Calculate the square-root of C{number}
@precondition: C{number >= 0}
@postcondition: C{abs(result * result - number) < 0.01}
"""
assert number >= 0
result = self._square_root(number)
assert abs(result * result - number) < 0.01
return result
def _square_root(self, number):
"""
Abstract method for implementing L{square_root()}
"""
raise NotImplementedError()
I got the square root as a general example of design-by-contract from an episode on design-by-contract on software-engineering radio. They also mentioned the need for language support, claiming that assertions don't help enforce the Liskov substitution principle, though my example above aims to demonstrate otherwise. I should also mention the C++ pimpl (private implementation) idiom as a source of inspiration, though that has an entirely different purpose.

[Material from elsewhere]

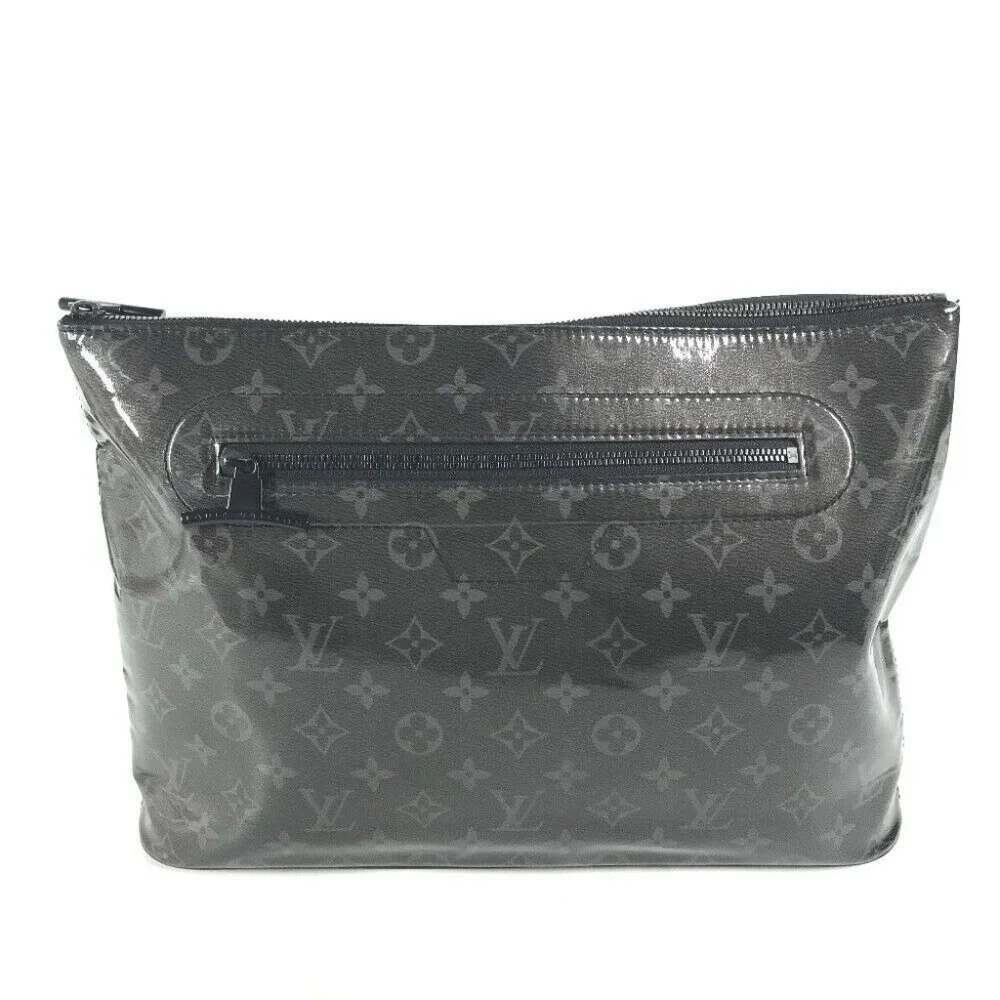 LOUIS VUITTON MonogramEclipse Glaze Exclusive to Japan Pochette-Cosmos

In my work, I recently refactored this kind of contract-checking into a larger class hierarchy (the contract was already documented, but not systematically tested). Existing unit-tests revealed that the contracts were violated multiple times. I can only conclude this should have been done a long time ago, and that unit-test coverage pays off even more once design-by-contract is applied. I expect anyone who tries out this combination of techniques to make the same observations.
Better tool-support may offer us even more power in the future; I would welcome that.